With a mark of 27-7-1, a goals-against average of 1.89 and a save percentage of .931, Schneider has done an excellent job of building consistency in his second pro season.
"Cory is a guy who has continued to play at a high level and he was real good again (Friday)," Arniel said of Manitoba's 2-1 overtime win against Hamilton.
The teams meet again this afternoon at the MTS Centre (2 p.m., CJOB). "I don't want to tinker too much with his mindset, and when there's the opportunity, I want to make sure he's out there."
The entire Moose season -- so far, 102 points and a first-overall standing -- has not rested on the shoulders of the 23-year-old from Marblehead, Mass., nor will it to the finish.
That's because Manitoba has NHL-battle-tested Curtis Sanford as the other half of a netminding duo that plays behind a fairly strong lineup.
Schneider, however, figures to be the spotlight goalie for the post-season, barring something very unusual in the coming days.
And he said he's anything but in need of a breather.
"Obviously, Curtis has done great and we'll share the time or whatever, but I don't think I've played too many games, only 44 between Van and here, so I'm relatively fresh, so to speak," said Schneider, who was absent from the team for about six weeks, helping to fill in when Canucks' No. 1 goalie Roberto Luongo was out with a groin injury. "After the next game, we have almost a week off before Toronto.
"I'm sure the coach will be good at delegating practice time to keep it short so that guys stay fresh.
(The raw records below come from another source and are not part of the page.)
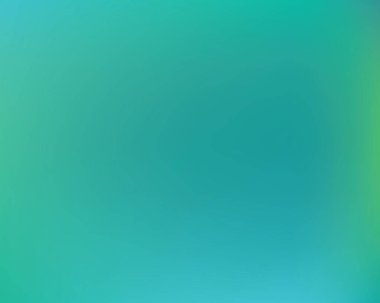 Yeni soyut renkli arka plan.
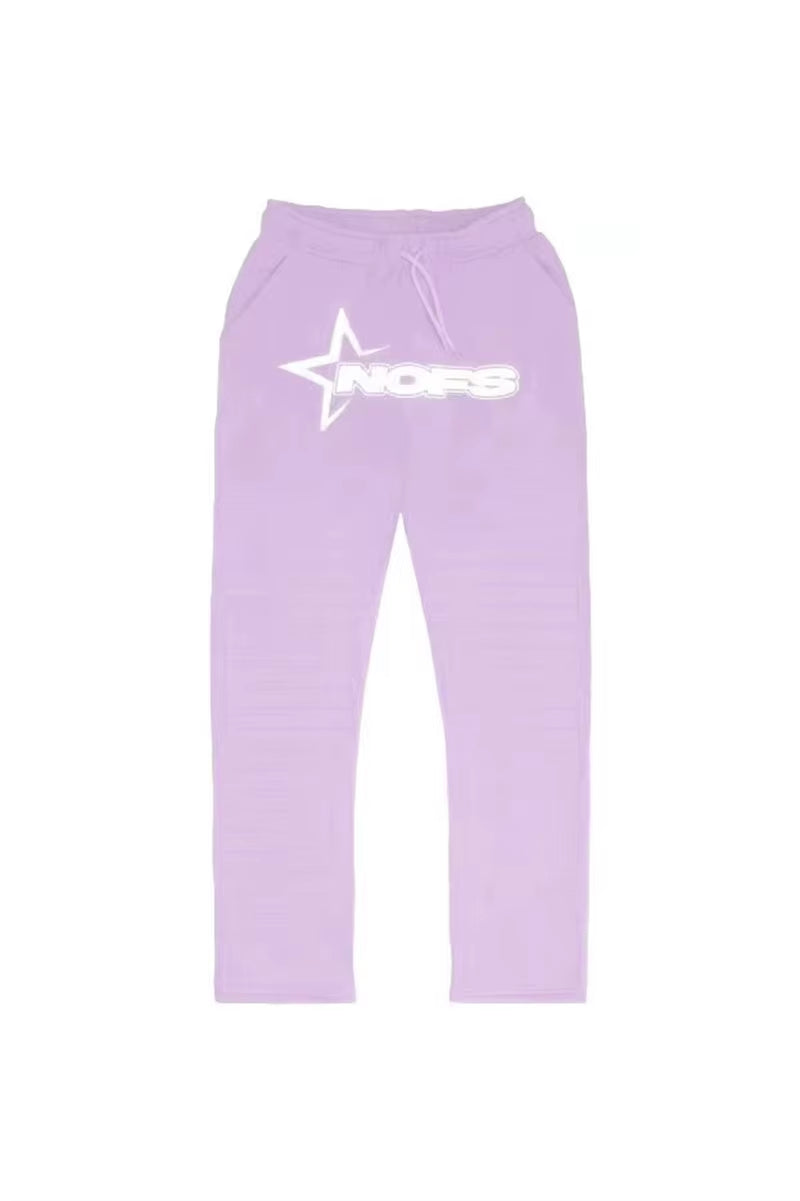 Y2K Hoodies Men Harajuku Hip Hop Letter Graphic Print Loose Sweatshirts 2024 Punk Rock Gothic Clothes Tops Goth Pants Streetwear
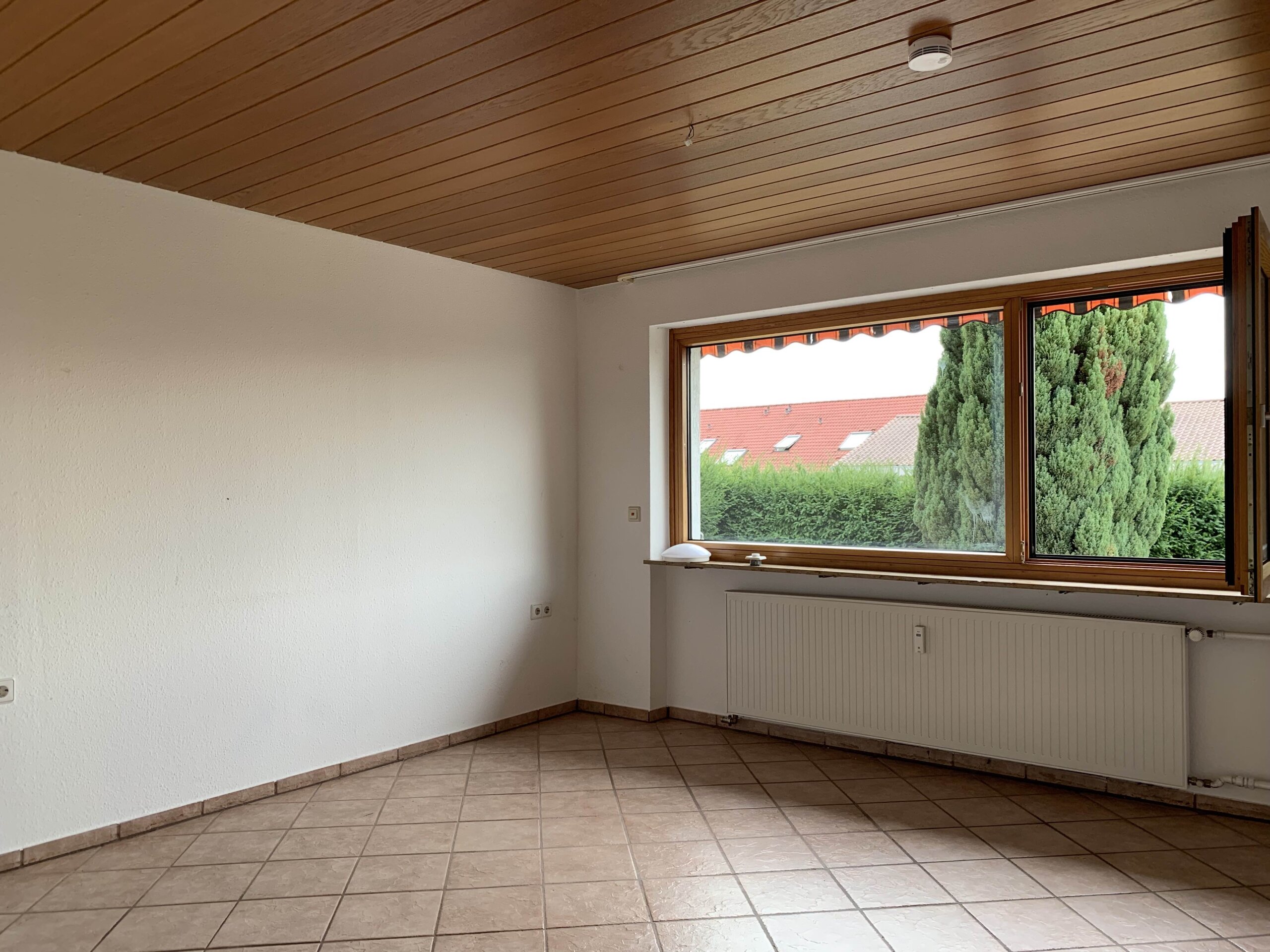 Zimmer 1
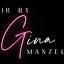 hairbyginamanzella.com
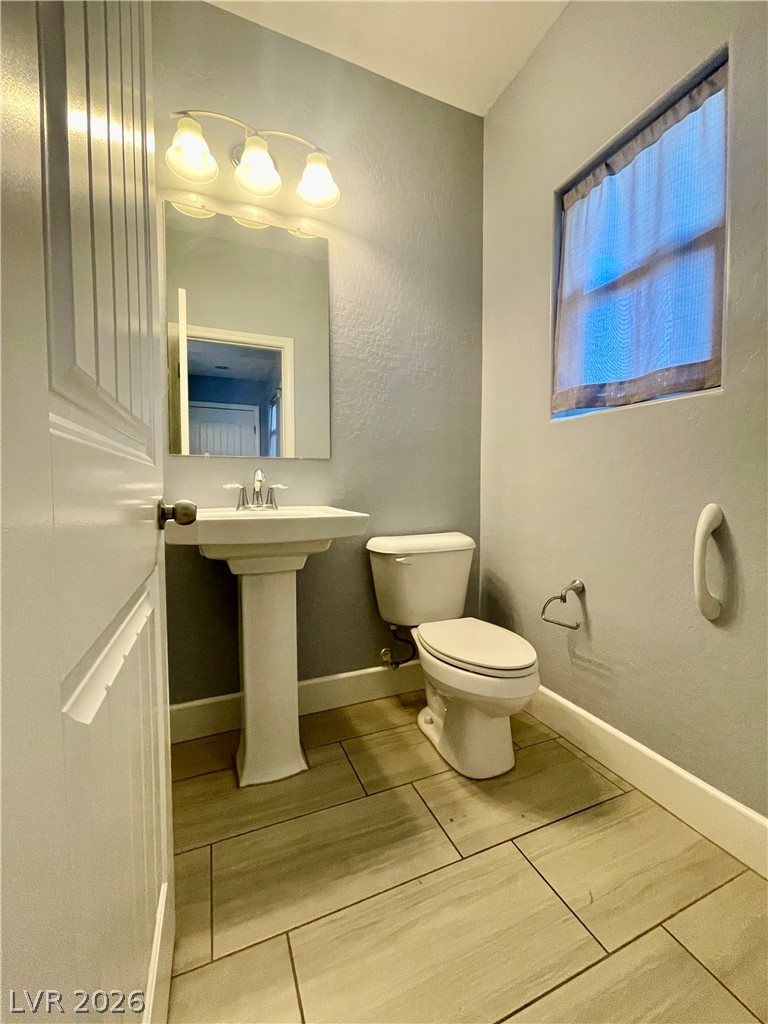 8971 Whitten Park Avenue Property Photo 7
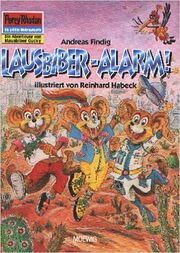 Lausbiber-Alarm.jpg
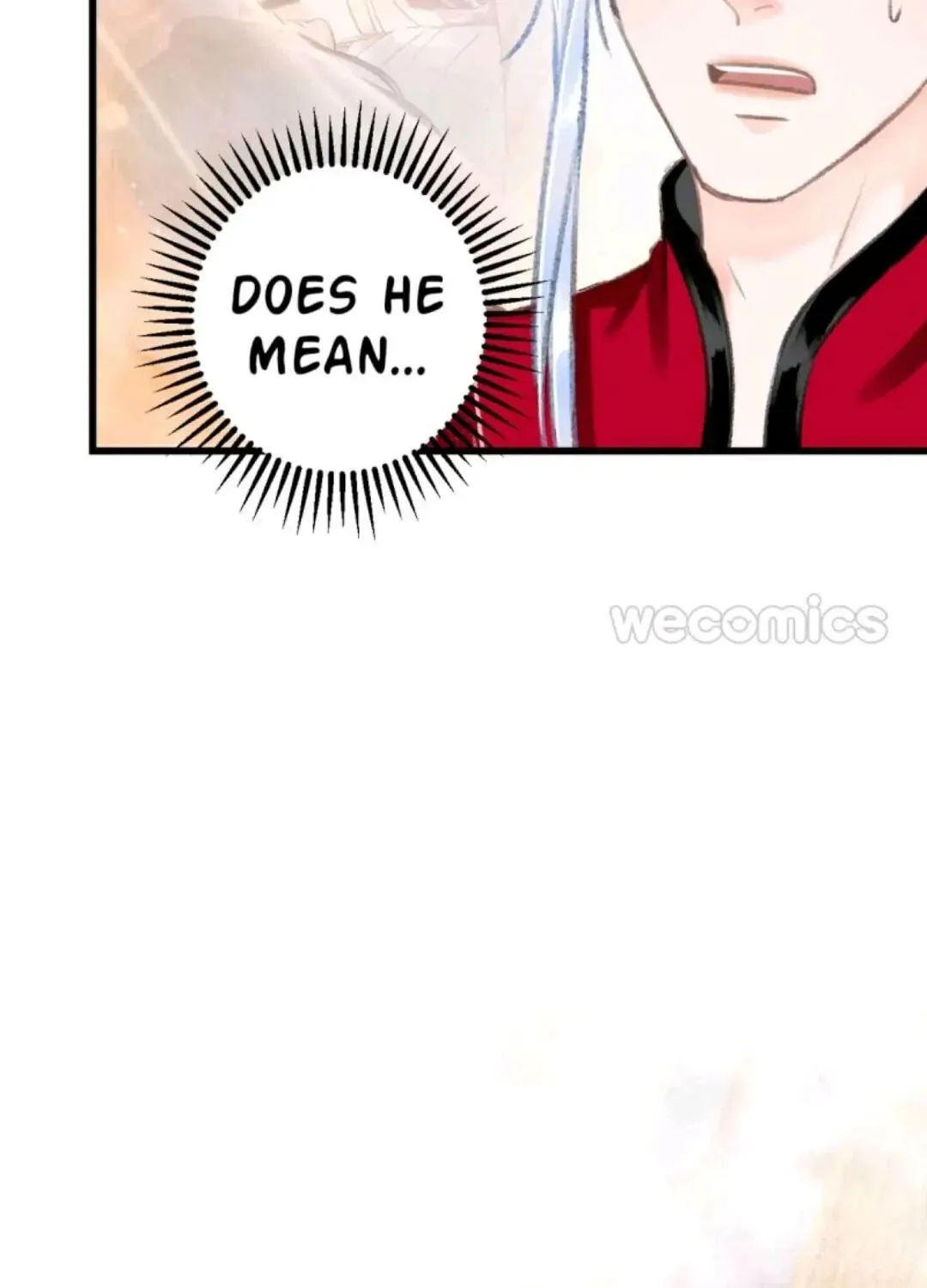 Read A Toyboy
I think Curtis is pretty fresh, too, so either one of us will be ready to go."
Schneider, who has started two of the last four contests, said after Saturday's brief practice at Gateway Community Centre that he's enthused about his improving form.
"I think last night was almost the best I felt all year," he said. "I felt good moving around and tracking the puck and it just had that playoff feel to it, plus we had that intensity and adrenaline going."
That form is evident at the time of year when deflected shots and pucks off skates and legs are common happenings for goals.
"It seems that if a goalie is seeing the puck at this time of year, he's going to stop it," Schneider said. "You've got to get garbage goals and get to the front of the net.
"For the team, you have to make sure you block shots, pick up guys in front of the net and don't leave any loose sticks around.
"For a goalie, you have to read the plays, be aggressive and try to get out on those tips, don't sit back. It's all situational and you've got to be aware."
With their remaining games reasonably spread out, Arniel did say Saturday that both Schneider and Sanford can expect playing time.
"I think we're spread out here good for the rest of the season and both guys will get an opportunity to play a couple of games," he said.